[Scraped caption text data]
================================

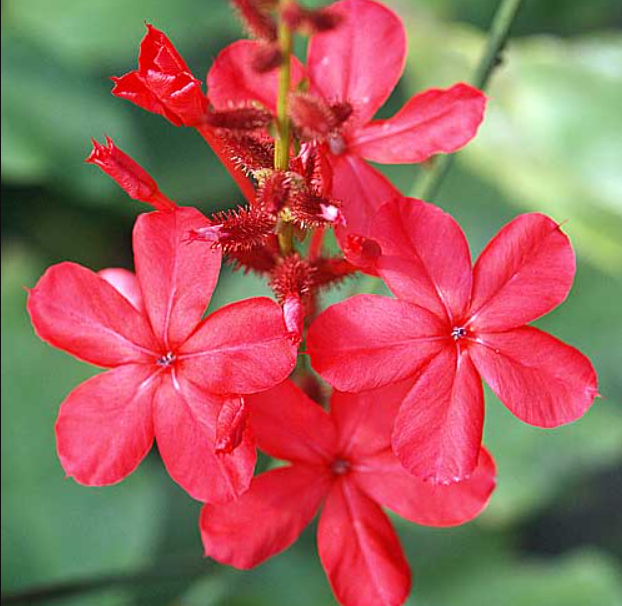 Plumbago Indica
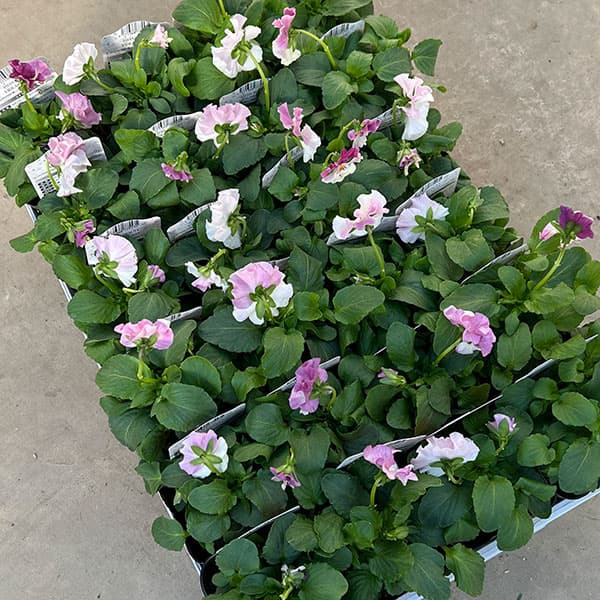 園芸ネット本店｜見元園芸さんのパンジー：アジアンビューティー Z36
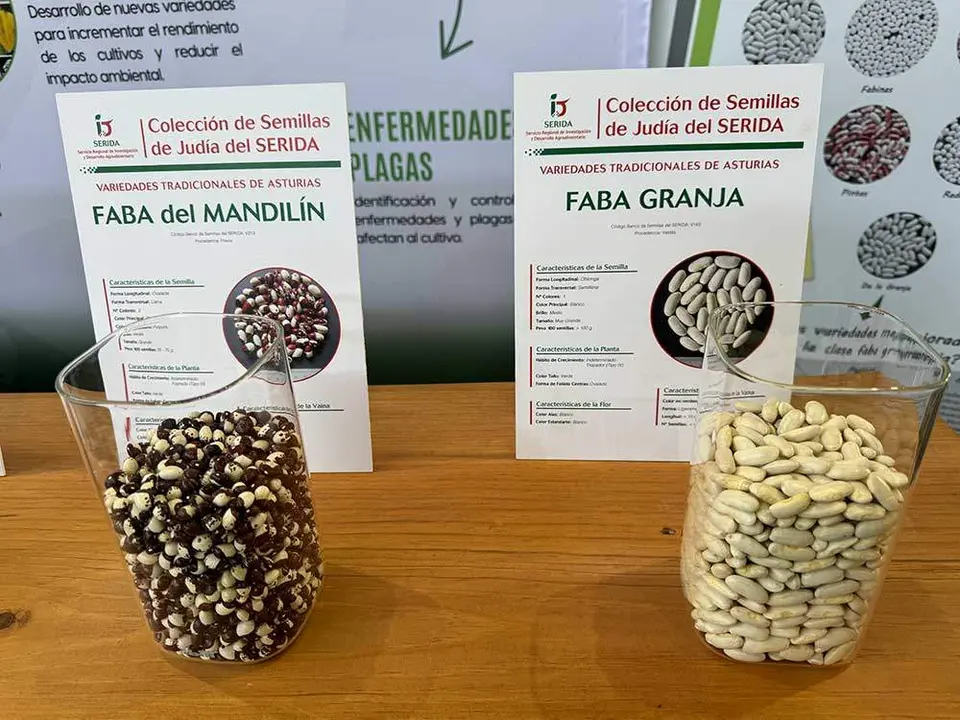 fabes-villaviciosa-2024-12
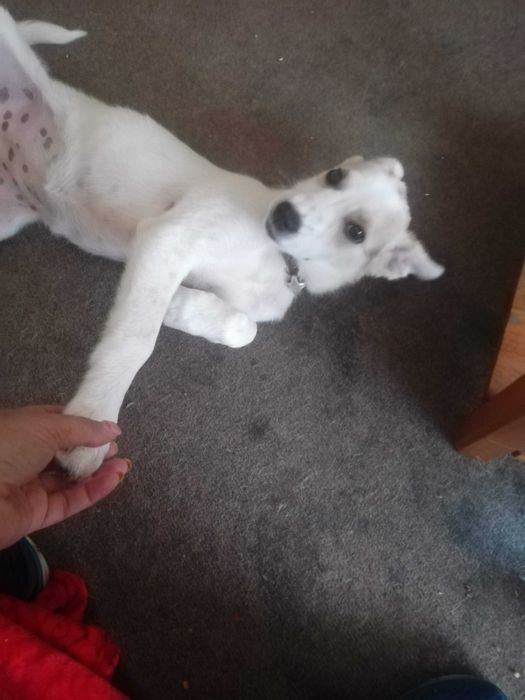 Кученце порода ЛЮБОВ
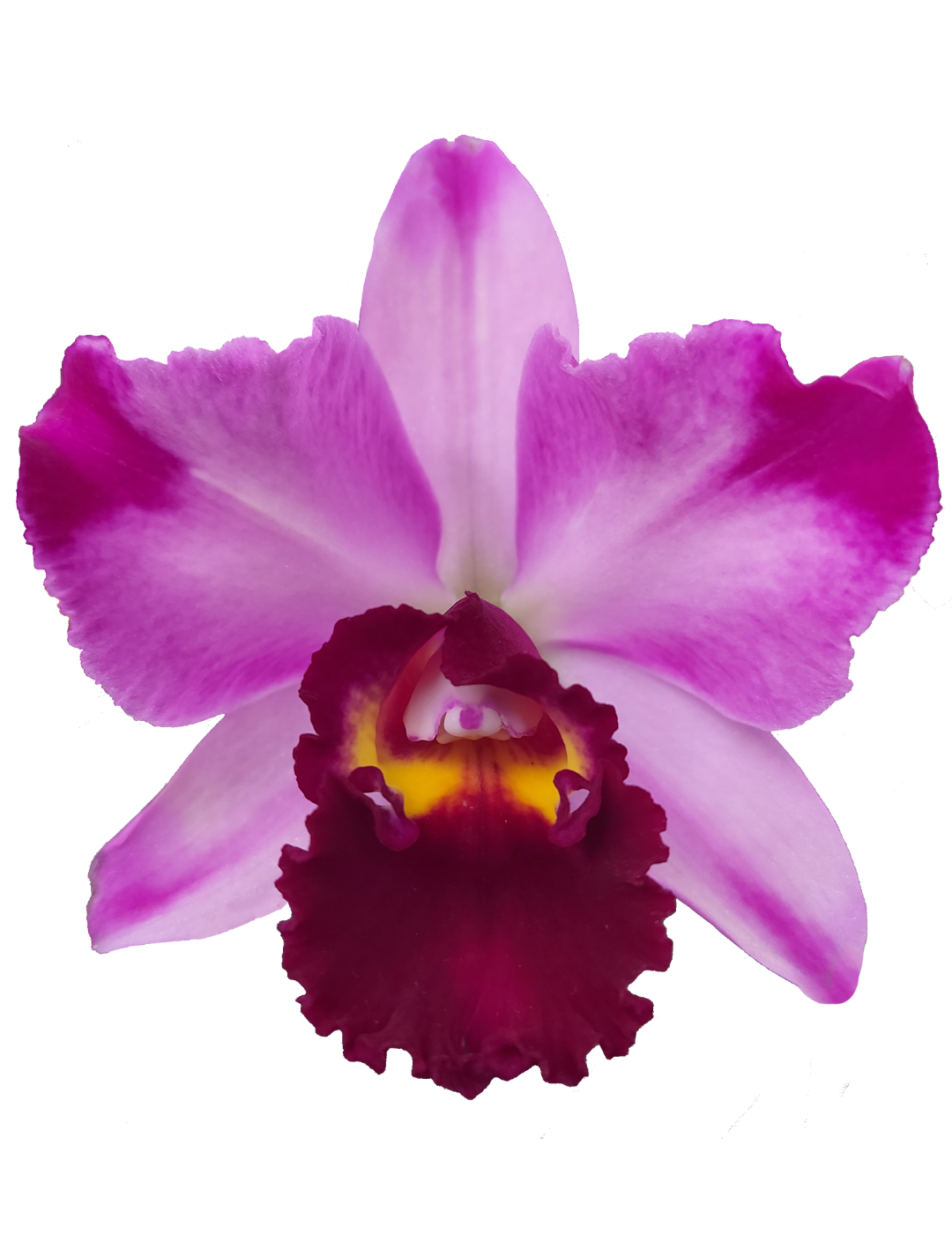 Cattleya Quilla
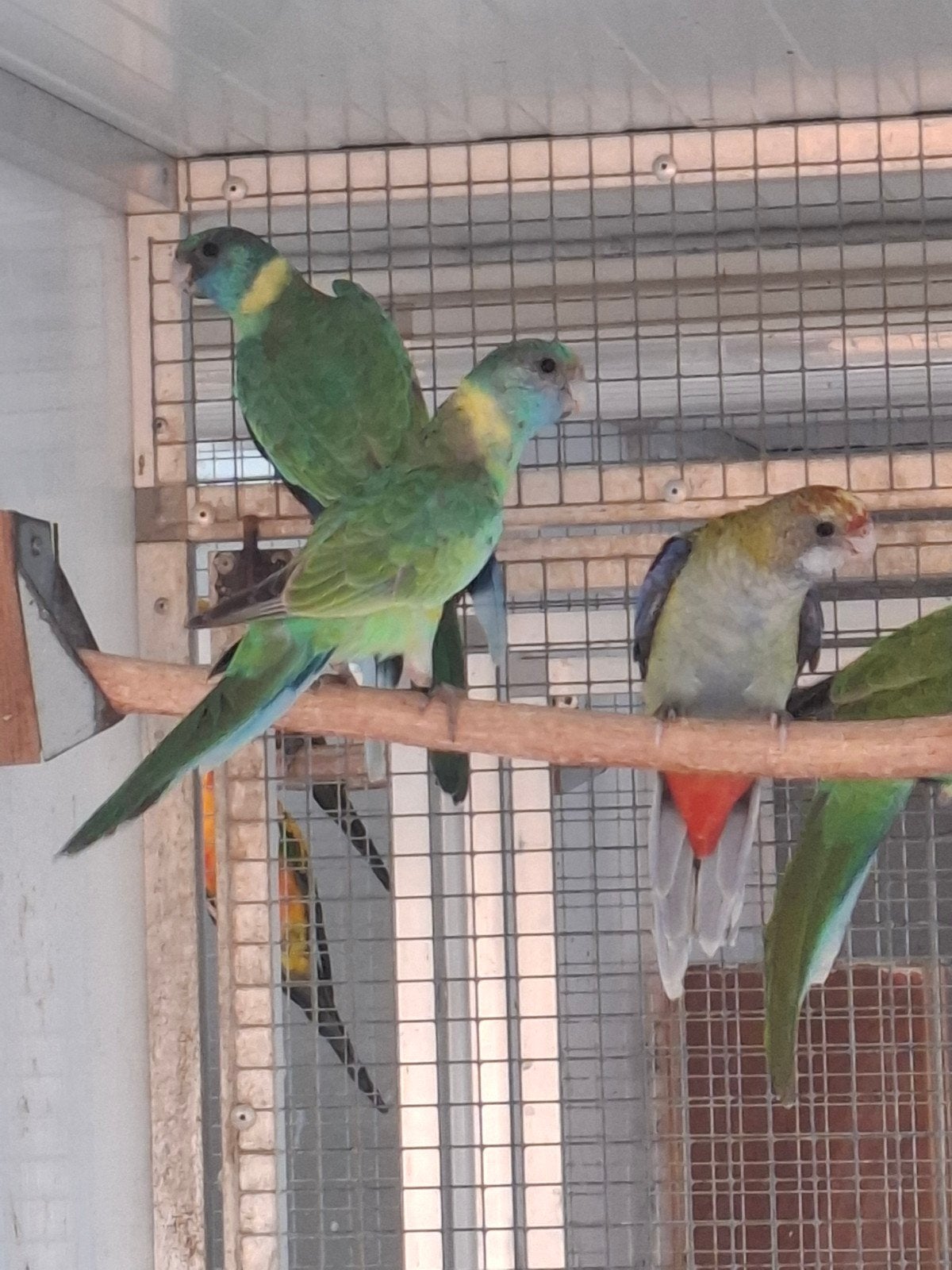 koppel cloncurry parkiet, Dieren en Toebehoren, Meerdere dieren, Parkiet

================================

=== WHAT THE TASK ASKS ===
Exclude the pictures and write out exactly the lines from the one holding "Cattleya Quilla" through the end of the entries, inclusive, and only those.

=== RESULT OF THIS EXERCISE ===
 Cattleya Quilla
 koppel cloncurry parkiet, Dieren en Toebehoren, Meerdere dieren, Parkiet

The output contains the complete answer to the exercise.